Dio lo voglia, se più proficuo, a sua lode e fosse pur con umiliazione di noi «patiti del latino», di noi «sentimentali», «tradizionalisti», estetisti»! Senza dubbio, «un'anima vale più di tutto il latino», come scrisse, in vista del 7 marzo, un vostro autorevole confratello, pur avvertendo di non illudersi «che basti sostituire al latino la lingua viva e rivolgere l'altare al popolo perchè la gente accorra in massa e si converta»; ma il discorso si può invertire: un'anima vale più di tutto il volgare, e un anno e mezzo di esperienza può dirci ormai se convenisse il baratto. Conveniva?

Il conto è stato chiesto, da molti pur che non professandosi o non essendo, religiosamente, dei nostri, sono con noi in questa battaglia, magari o anzitutto in nome della bellezza, come in suo nome tutto il mondo trepidò e insorse per la Pietà di Michelangelo esposta come si temè ai rischi, di perdersi o di danneggiarsi, del viaggio in America; trepidò e inveì per i lievi sfregi subiti da alcuni quadri della Galleria degli Uffizi. «Poichè vengono conclamati» (citiamo per tutti uno scrittore, Zolla, della più nota rivista letteraria italiana) «i motivi " pastorali " della sovversione, sarà lecito domandare i rendiconti della messe di conversione che l'attuale liturgia volgare avrebbe dunque mietuto», e aggiunge, scettico, senz'aspettare: «Ma chi mai si potrebbe convertire soltanto perchè l'autorità si sarebbe aggiornata al XVI secolo protestante, ovvero avrebbe tirato le conseguenze dal fatto che in Italia si parla italiano, dopo mille anni giusti che lo si parla?» E, sottolineata «l'estrema delicatezza dell'orazione», la «sua indole assai spesso non discorsiva», non «raziocinante»; e dopo aver detto che l'«orazione eleva fuori delle contingenze» e «perciò impone un linguaggio diverso dal quotidiano» e che «i primi cristiani, per i riti più importanti, non usavano affatto il volgare del tempo», così torna al punte, chiedendo: «quali incassi procurò il volgare introdotto dalla Riforma? Ne sorse davvero una così fitta schiera di santi e una tal dovizia di miracoli da svergognare i rimasti fedeli al latino?» E sèguita (quasi ignorando la risposta da noi già data del Marshall): «Quali frutti ha procurato la distruzione liturgica? Accostare ai Vangeli i fedeli ignoranti il latino? Ma sarà proprio sconciando i riti che si otterrà ciò che messali bilingui, catechesi, omelia non sarebbero riusciti a favorire?»

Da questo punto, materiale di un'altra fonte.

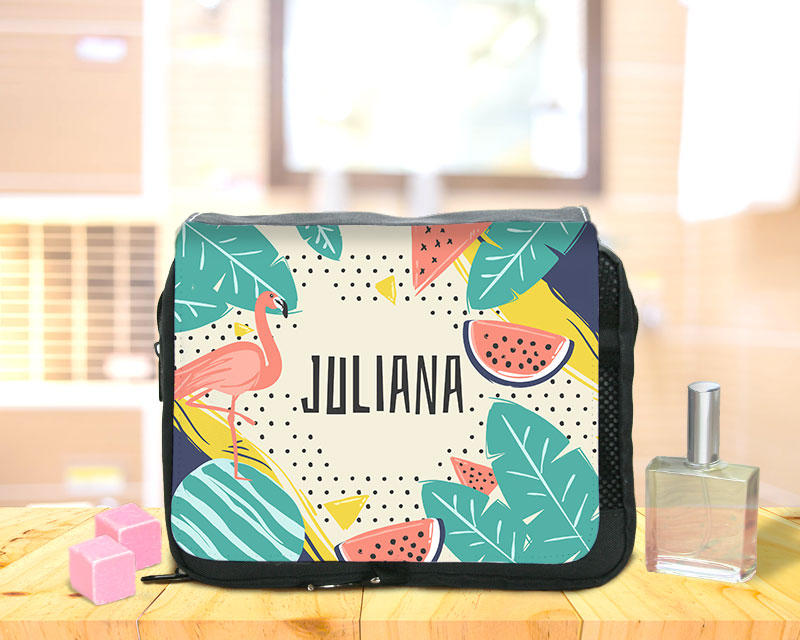 Trousse de toilette Tropical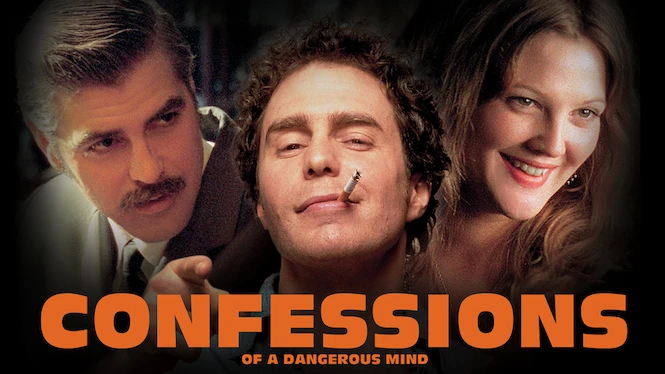 Confessions of a Dangerous Mind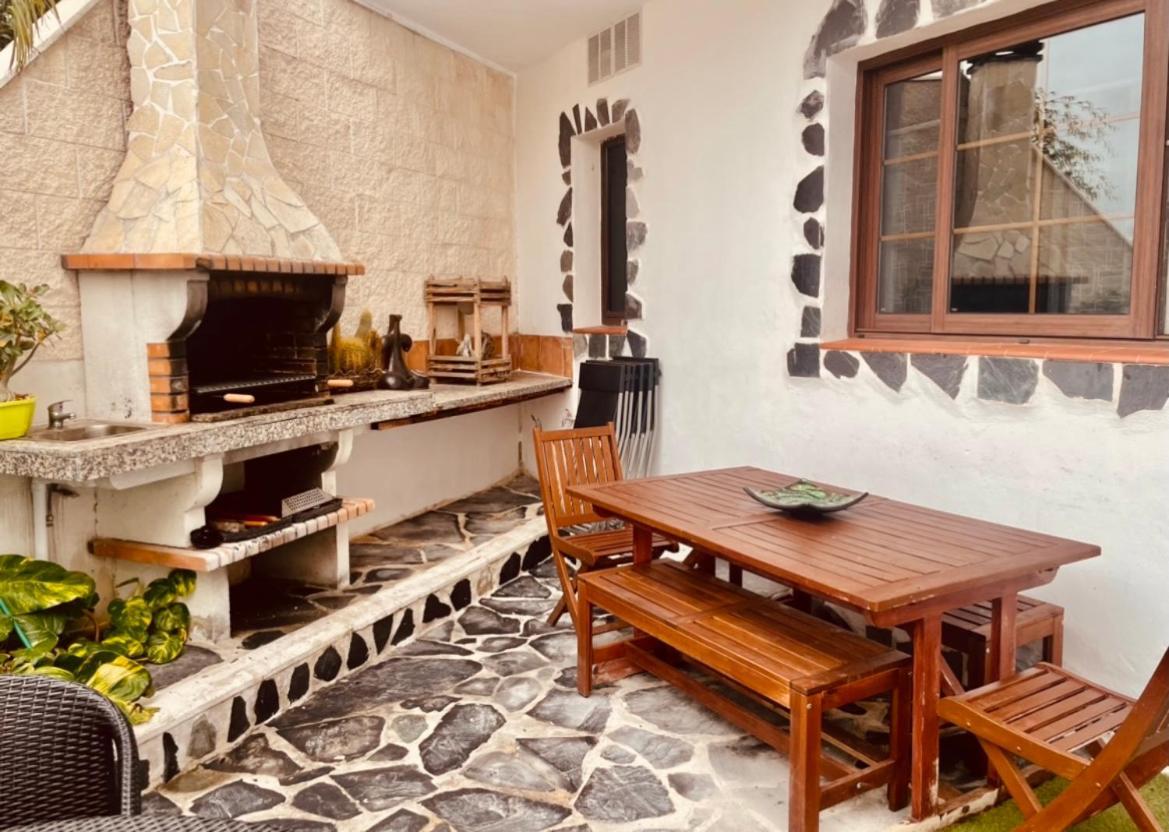 Pintadera'S House/Tara Villa Icod De Los Vinos Eksteriør bilde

La risposta, qui sottintesa, c'è, nei fatti: il bilancio di un anno e mezzo insegna, e la risposta è: no. I tanti secoli del latino non hanno, che si sappia, allontanato un'anima dall'altare o freddato in un cuore la carità: i pochi mesi del volgare, nazionale e razionale, han visto in chiesa le armi, e le sacre pissidi tornare assai meno scarse al ciborio, intruppati o liberi che siano i comunicanti. Stralcio dal bilancio (non sembri impertinente il vocabolario, per un'operazione, come questa, di cambio, che ha fatto incassar miliardi) il caso di un mio amico, uomo di poca fede che mi dice di averla persa del tutto assistendo a questo «dialogo» fra un protestante e un nostro prete: «Allora, voi cattolici, riconoscete di avere fin qui sbagliato?» «Sì, noi riconosciamo di avere, fin qui, sbagliato»; e, senza movere inchieste ma per quel che so, mi attengo a queste, alle comunioni. Quante? «Dimezzate!» mi dice con voce quasi piangente l'umile fraticel sagrestano, intento a preparar le particole, con cui discorro, nella sagrestia della chiesa dove vado a confessarmi, in attesa che venga il padre da lui chiamato per questo: «Ecco qui: ne prendevo millecinquecento per settimana, e ora bastano due settimane». Il padre, sceso in quel momento, conferma, e scuote tristemente la testa.